LLaVA
LLaVA copied to clipboard
[Question] add extral layers in llava
Question
I have tried to add more linear layer to deal with some extra features. And i only want to train this layers. and i uses the scripts below to finetune the whole model, but when i tried to print the grad and weight. i found that grad is none and weight does not change. So i want to figure out that: is this the problem of lora or something else.
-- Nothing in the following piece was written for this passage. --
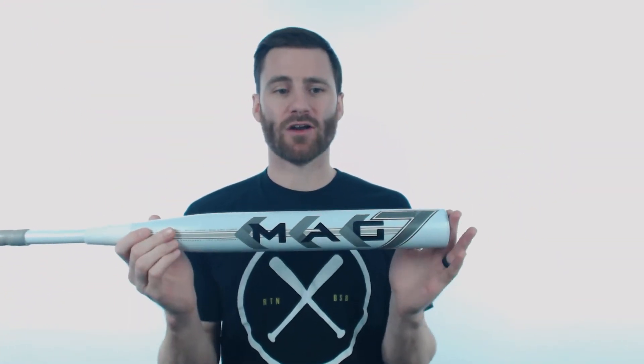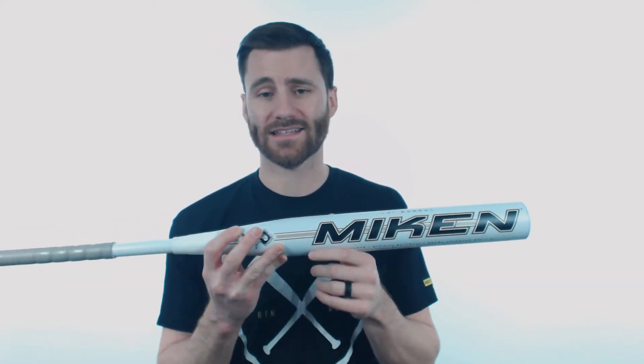The big thing to start with is the barrel, where all the magic is gonna happen. We are gonna have a full 14-inch barrel length which is going to create a very big sweet spot. As well, we're gonna have a half-ounce end load in that barrel, so if you like a little bit of heft in the barrel, definitely a bat to consider.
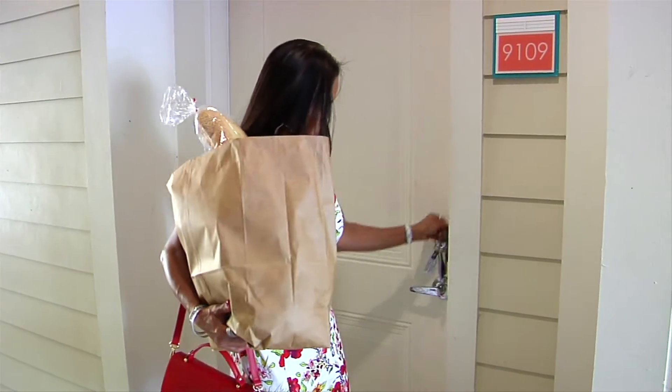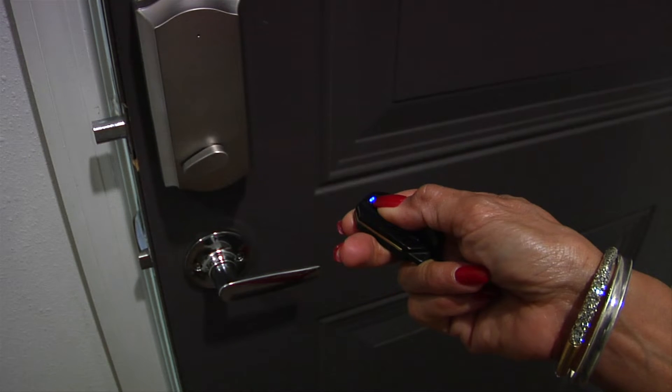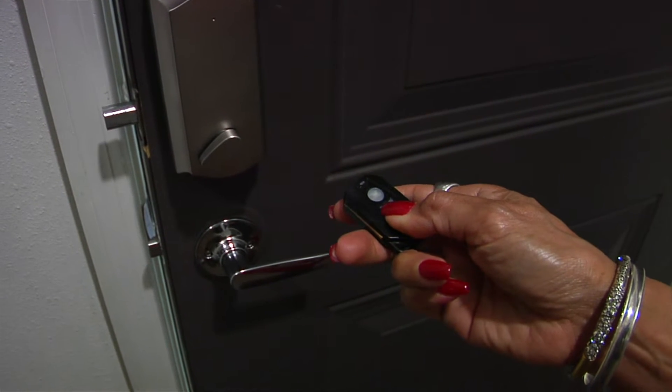Are you sick and tired of using a key to get in your home door? Well, now you don't have to. Introducing Instalock, the remote keyless entry system that transforms your existing deadbolt into a remote-controlled door.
And i have alread set the require_grads parameter to True in the training.py file.
scripts
deepspeed train.py
--lora_enable True --lora_r 128 --lora_alpha 256 --mm_projector_lr 2e-5
--deepspeed /mnt/modified_llavas/LLaVA/scripts/zero3.json
--model_name_or_path liuhaotian/llava-v1.5-7b
--version v2
--data_path /mnt/f/modified_llavas/LLaVA/llava_out_new.json
--image_folder test
--vision_tower openai/clip-vit-large-patch14-336
--mm_projector_type mlp2x_gelu
--mm_vision_select_layer -2
--mm_use_im_start_end False
--mm_use_im_patch_token False
--image_aspect_ratio pad
--group_by_modality_length True
--bf16 True
--output_dir /mnt/f/modified_llavas/LLaVA/llava_fullweights
--num_train_epochs 1
--per_device_train_batch_size 1
--per_device_eval_batch_size 1
--gradient_accumulation_steps 1
--evaluation_strategy "no"
--save_strategy "steps"
--save_steps 5
--save_total_limit 1
--learning_rate 2e-4
--weight_decay 0.
--warmup_ratio 0.03
--lr_scheduler_type "cosine"
--logging_steps 1
--tf32 True
--model_max_length 4096
--gradient_checkpointing True
--dataloader_num_workers 4
--lazy_preprocess True
--report_to wandb
add extra layers
and i have used the test_head layer in the llava_arch.py file. Does anyone have ideas about it?